So again, just to reiterate, our guidance for cash costs are $14 to $15 for the range, DD&A $12.50 to $13.50 for an overall range of $26.50 to $28.50 and we do see ourselves for the full year coming in that range. Same thing on the tax side, which there's nothing unusual from the tax rates, what we just have is a change in the mix of production. So if you're moving from the fourth to the first you have a little more EG production at the 25% tax rate.
And also, if you remember, in the fourth quarter the JDA was shut down for Phase 2 construction. So now we've got a full quarter running on JDA at the 0% tax rate, we just happened to lower it. But again, our guidance for the year -- it was 47 to 51 and we don't see any change in that.
Doug Leggate - Analyst
That was great. Thanks, John.
Operator
Arjun Murti, Goldman Sachs.
Arjun Murti - Analyst
In light of the sharply higher oil prices and natural gas prices, just wondered if you had any update on how you're thinking about capital spending and incremental use of free cash flow this year?
John Rielly - CFO, Principal Accounting Officer, SVP
Sure. I hate to sound like a broken record, but there's really no change also on our view, on what we're doing with cash flow and where we see our capital expenditures at this point. As you know, we were successful at the Gulf of Mexico lease sale. Not all of the licenses have been awarded at this point but we were excited by that. We did have a placeholder in our capital expenditure budget for that. Where we see early in the year we don't have any change in guidance we'll certainly update you on the second-quarter conference call on where we see capital expenditures going.
As far as use of our cash flow, it really is the same strategy -- we're focused on our developments. We will be reinvesting in the E&P operations. That's where we look to fund it. If we have some excess cash flow during the year, what we'll do is, again the same strategy, we'll look potentially to reduce debt during the year, but I don't see -- if I was giving you guidance right now, I don't see our debt coming down and, again, the focus will be keeping the cash flow ready for our E&P operations and investing in the future.
Arjun Murti - Analyst
Got you. And given the plethora of your exploration activities and development programs, probably shouldn't be looking for a big new stock buyback program, it will be maybe not pay down debt, but cash can build up a little bit in anticipation of future spending?
John Hess - Chairman, CEO
That's a fair assumption, Arjun.
Arjun Murti - Analyst
That's great. And I think -- I was going to guess the answer here. Any change to your production guidance for the year?
John Hess - Chairman, CEO
No, the production guidance is the same, as I mentioned in my comments.
Arjun Murti - Analyst
Thank you.
Operator
Erik Mielke, Merrill Lynch.
Erik Mielke - Analyst
Good morning, gentlemen. A similar question from us. On the European gas market we've seen from some of your peers that reported they had very strong results in Europe. I'm just wondering if you could comment on what you saw in the quarter and how it affects the outlook for the operations that you have in that part of the world?

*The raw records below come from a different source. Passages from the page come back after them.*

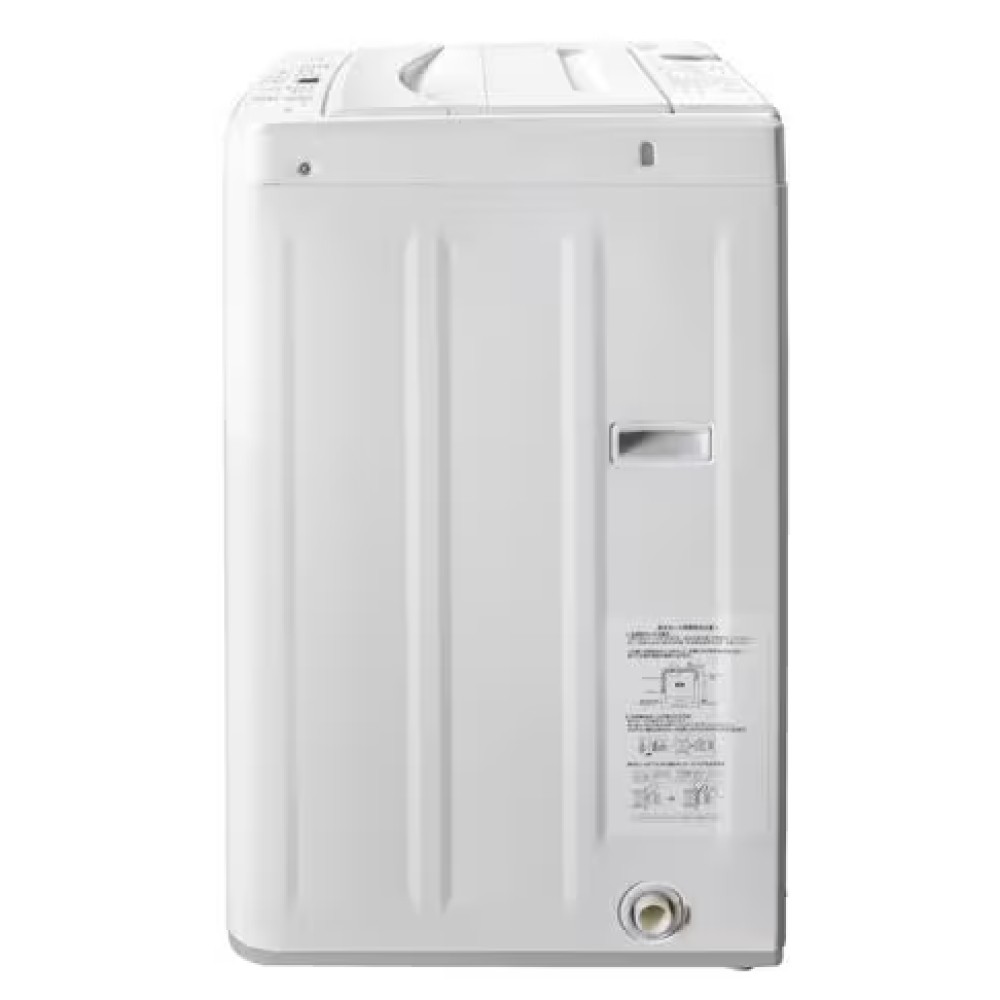 YA-141658　全自動洗濯機［６．０ｋｇ］［ホワイト］
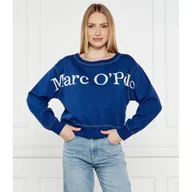 Bluzy damskie - Marc O' Polo Bluza Loose fit - miniaturka - grafika 1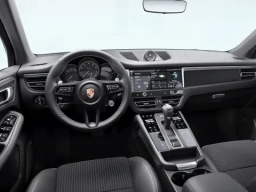 Porsche Macan T AWD 2026
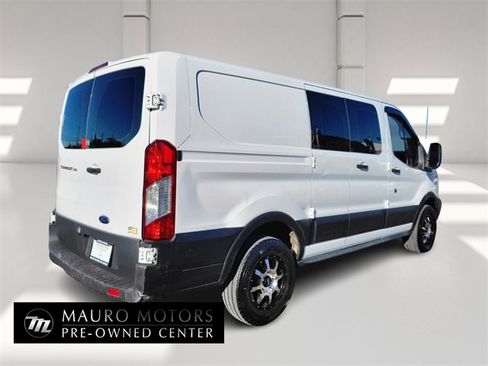 Used 2018 Ford Transit 250 130 Low Roof w/ Exterior Upgrade Package image 3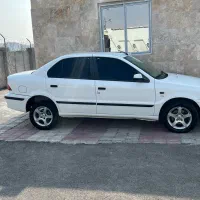 سمند ef7تمام فابریک معاوضه|خودرو سواری و وانت|یاسوج, |دیوار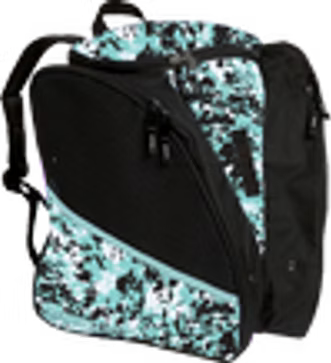 Ice Transpack Printed Designs- Figure Skate Backpack Bag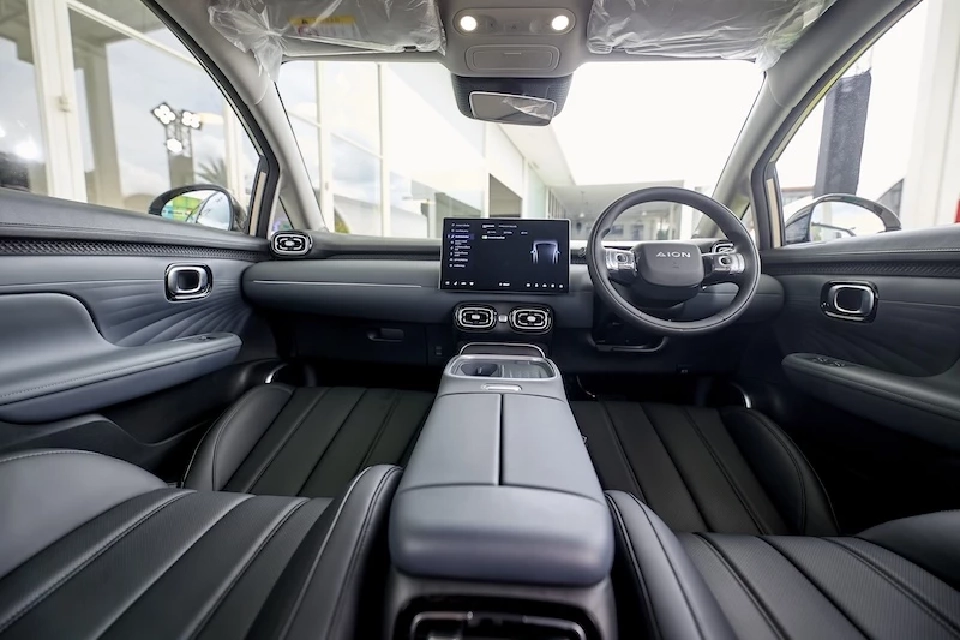 AION UT ส่วนลด 20,000 บาท ช่วงเปิดตัว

John Rielly - CFO, Principal Accounting Officer, SVP
You're correct, we saw the same obviously improvement specifically in the UK gas market and obviously we received the benefit of that. What you would say from an operational standpoint, I would say normally we are producing, we'll have the maintenance season and we'll get the benefit of higher prices.

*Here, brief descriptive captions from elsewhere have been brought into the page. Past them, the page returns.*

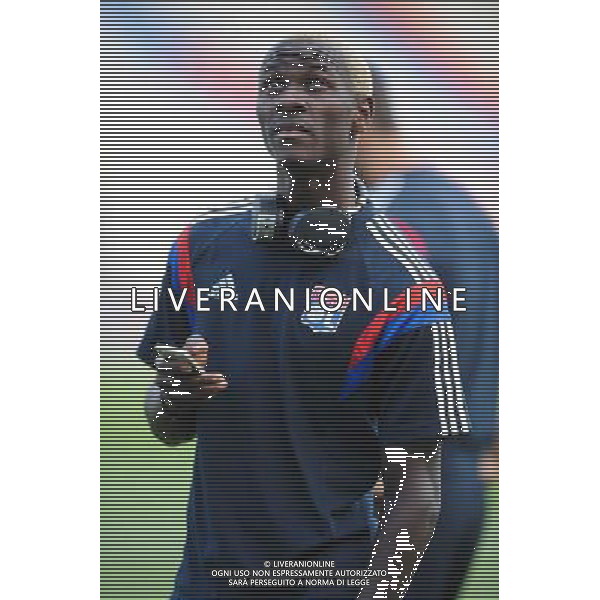 Mohamed Yattara - 07.08.2014 - Lyon / Mlada Boleslav - Tour preliminaire de Ligue Europa 2014/2015 Photo : Jean Paul Thomas / Icon Sport AG ALDO LIVERANI SAS ONLY ITALY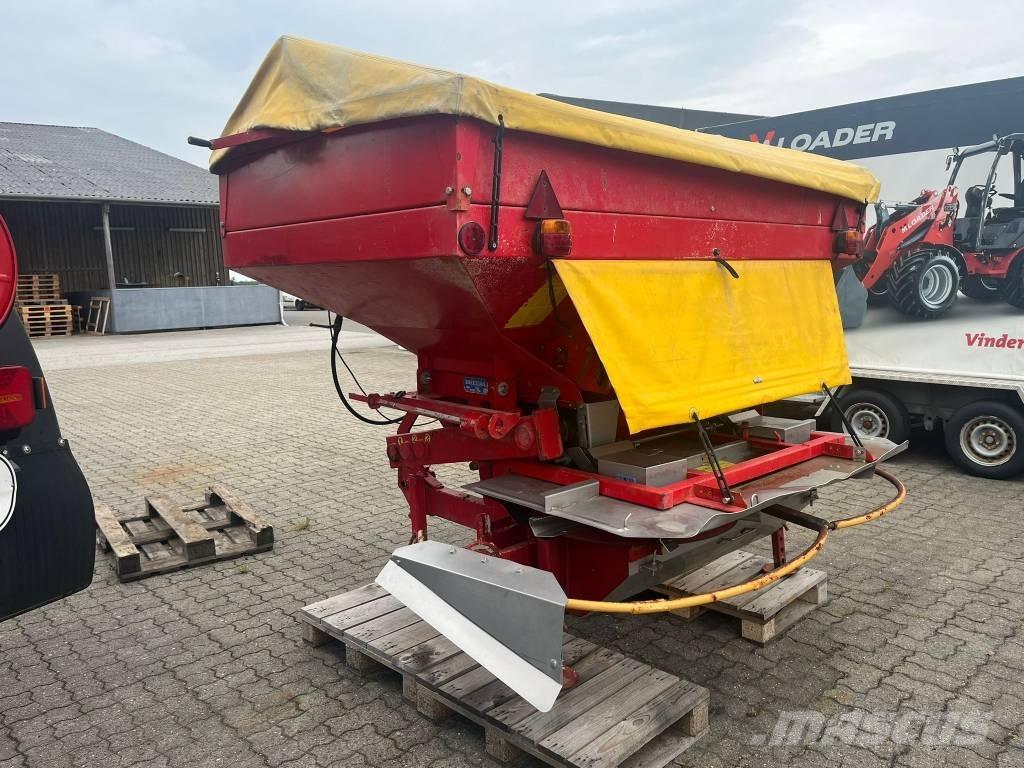 Bredal B 2 XL Rozmetadlá maštaľného hnoja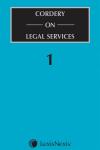 Cordery on Legal Services cover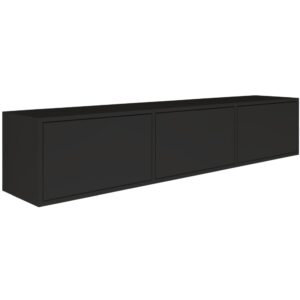 Wohnli Möbelsuche - TV-Board mit 3 Klappen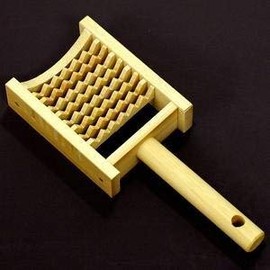 Koyanagi Sangyo 07053 Bamboo Mini Demon Grater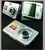 NEW 2.7 inch 12.0 MP cheap digital camera digital zoom 4X ANTI SHAKE In Original Box+Free shipping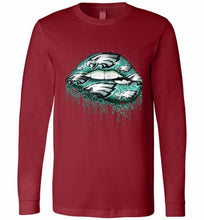 Lip Philadelphia Eagles Long Sleeve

The only thing that would be a little different that we're looking at right now is, if you remember, the Cromarty field was shut in for the summer last year and with these strong UK gas prices we will probably look to produce Cromarty through the summer.
Erik Mielke - Analyst
Thanks.
Operator
Paul Sankey, Deutsche Bank.
Paul Sankey - Analyst
Good morning, gentlemen. A follow-up to Arjun's question, which just for the sake of asking I'll ask, is any potential for acquisitions from you guys over the next year or so?
John Hess - Chairman, CEO
As is our company practice, we don't comment on acquisitions or divestments. Obviously we're always looking to upgrade the portfolio, but right now we're focused on the organic opportunities we have before us.
Paul Sankey - Analyst
Thanks. I don't think you mentioned Tubular Bells, is there any update there?
John O'Connor - EVP, President of Worldwide Exploration & Production
No particular update, Paul. I think that probably BP will be the best source of commentary both on Tubular Bells and on another discovery that they recently announced in an offsetting block. So I can see some potential for joint development in that area, but, as I said, better off leaving commentary to BP, the operator.
Paul Sankey - Analyst
Okay, John. And can you, just finally from you, on the rig situation at Pony, could you just update us on where that is right now? Thanks.

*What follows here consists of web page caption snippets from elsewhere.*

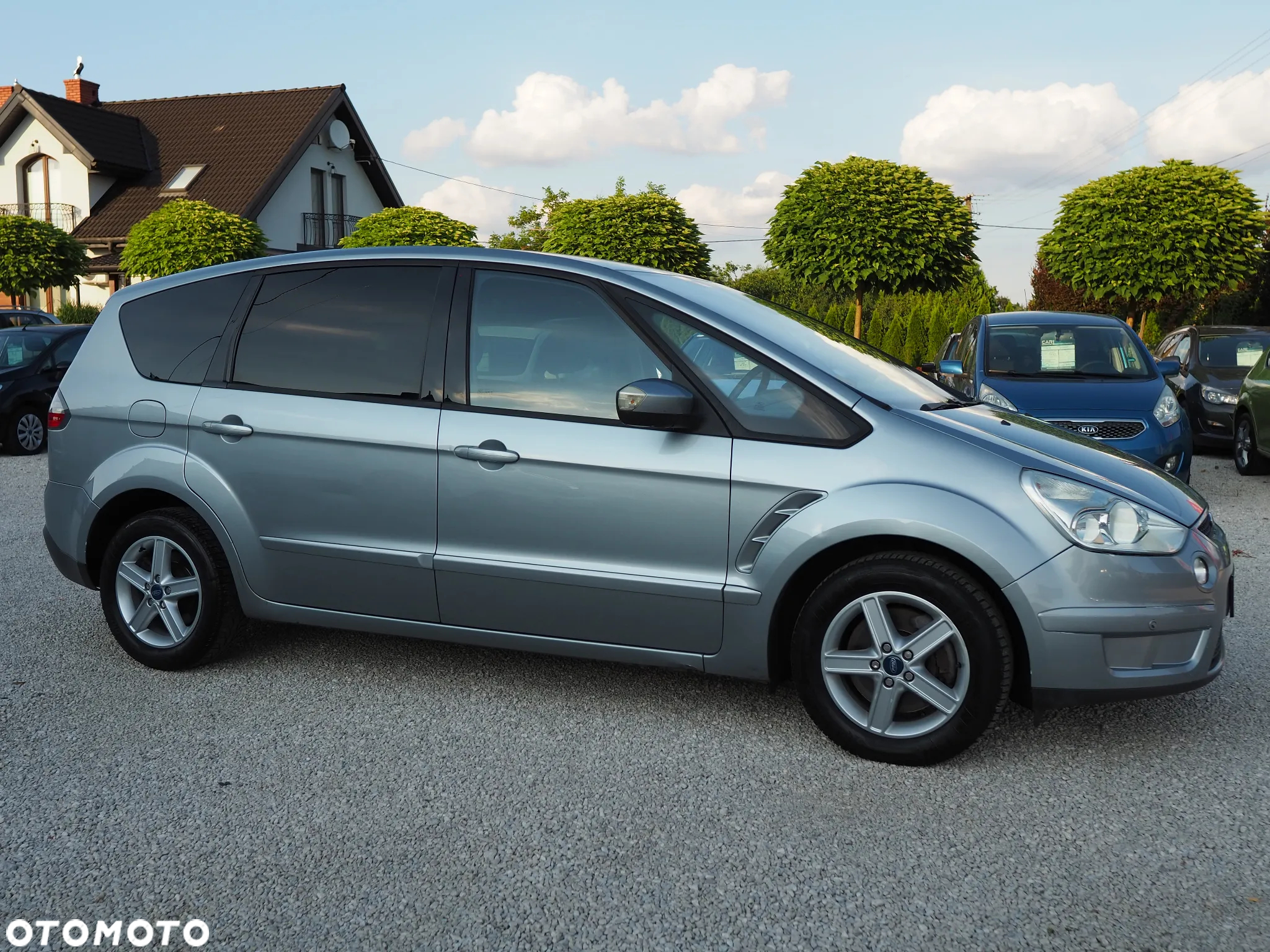 Ford S-Max 2.5 Titanium - 11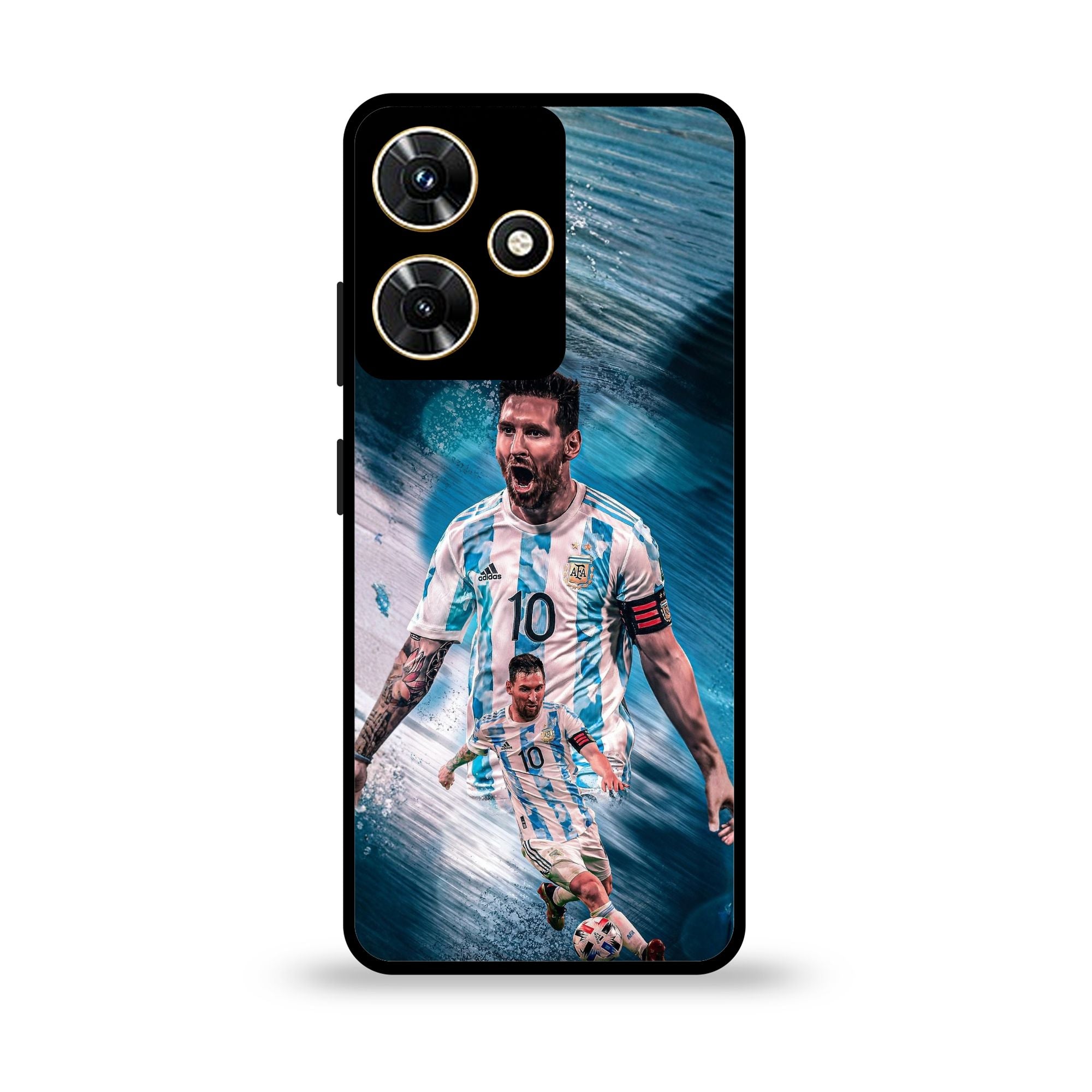Infinix Hot 30i - Wallpaper 03 - Premium Printed Glossy Phone Case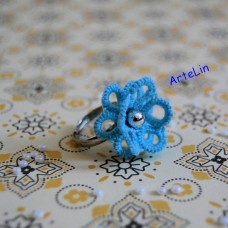 Modri cvetličnik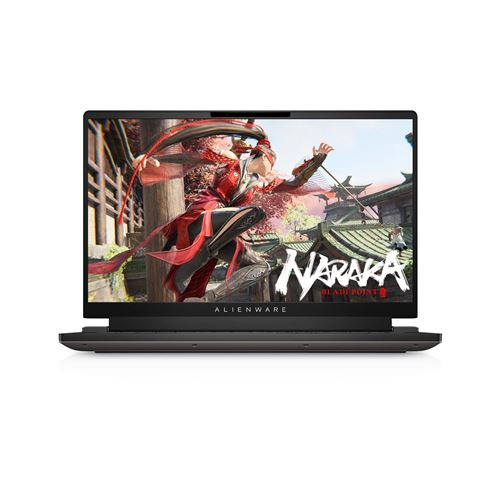 PC Portable Gaming Dell Alienware m15 R7 15,6"" Intel Core i7 32Go RAM 1 To SSD Noir État correct - Alienware reconditionné disponible sur Fnac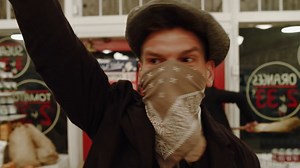 Comic-Con-Trailer der HBO-Serie Watchmen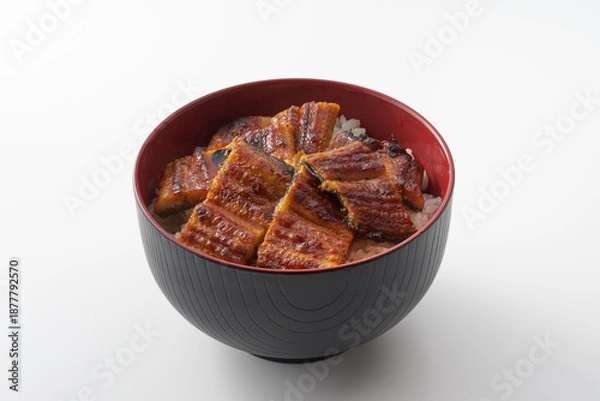 Obraz うなぎの蒲焼き イメージ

John O'Connor - EVP, President of Worldwide Exploration & Production
Yes, sure. In terms of rig usage, I think as John said in his opening remarks on completion of the current sidetrack, the current sidetrack should certainly be finished in the next 45 days. The rig would be released with one of the rigs [lost] to an operator in the Gulf of Mexico which is a trade to provide us with a rig in West Africa to enable us to drill the well offshore Ghana. At the completion of that particular trade we get the Baroness back and we'll have the potential to drill either on Pony or on another location depending on the results of the sidetrack.
Paul Sankey - Analyst
Thanks, John. I appreciate that answer. A final one from me on the downstream. It seems that the Hovensa FTC is running at very low levels. Can you just comment, if that's the case, what the outlook for 2Q is and any other general observations you have on the gasoline market. And I'll leave it there. Thank you.
John Hess - Chairman, CEO
With the weakness in the gasoline to optimize economics it's better to run for yield than volume and that's why you saw the lower rates in the first quarter, there were economic incentives to optimize the refinery that way. And in the second quarter -- let's see how the second quarter turns out before we jump the gun in terms of what the predictions will be. The gasoline market comes up, the volumes may come up some. If the gasoline market stays where it is it's likely to assume that we're going to run for yield as opposed to volume.
Paul Sankey - Analyst
Thank you very much.
Operator
Mark Gilman, Benchmark.
Mark Gilman - Analyst
Good morning. I've got a couple simple things. John Hess, did you say 25% interest in the Pangkah oil rim?
John Hess - Chairman, CEO
75%.
Mark Gilman - Analyst
That's what I thought. I guess I must have misheard, sorry about that.
John Hess - Chairman, CEO
I may have misspoken and if I did I apologize.
Mark Gilman - Analyst
Okay. John Rielly, did you say zero tax on the JDA, is that a function of equity accounting?
John Rielly - CFO, Principal Accounting Officer, SVP
No, it's not. It's just that there is a tax holiday for the first eight years of production on the JDA, then it goes up to 10% after a number of year and then it ultimately ends up at a 20% rate, that's just the contract.
Mark Gilman - Analyst
0% for eight years and then 10% up to how much?
John Rielly - CFO, Principal Accounting Officer, SVP
And then it goes to 20%.
Mark Gilman - Analyst
How long at 10%, John?
John Rielly - CFO, Principal Accounting Officer, SVP
Seven years at 10%.
Mark Gilman - Analyst
Okay. John O'Connor, do you have prestacked depth migration on BMS22?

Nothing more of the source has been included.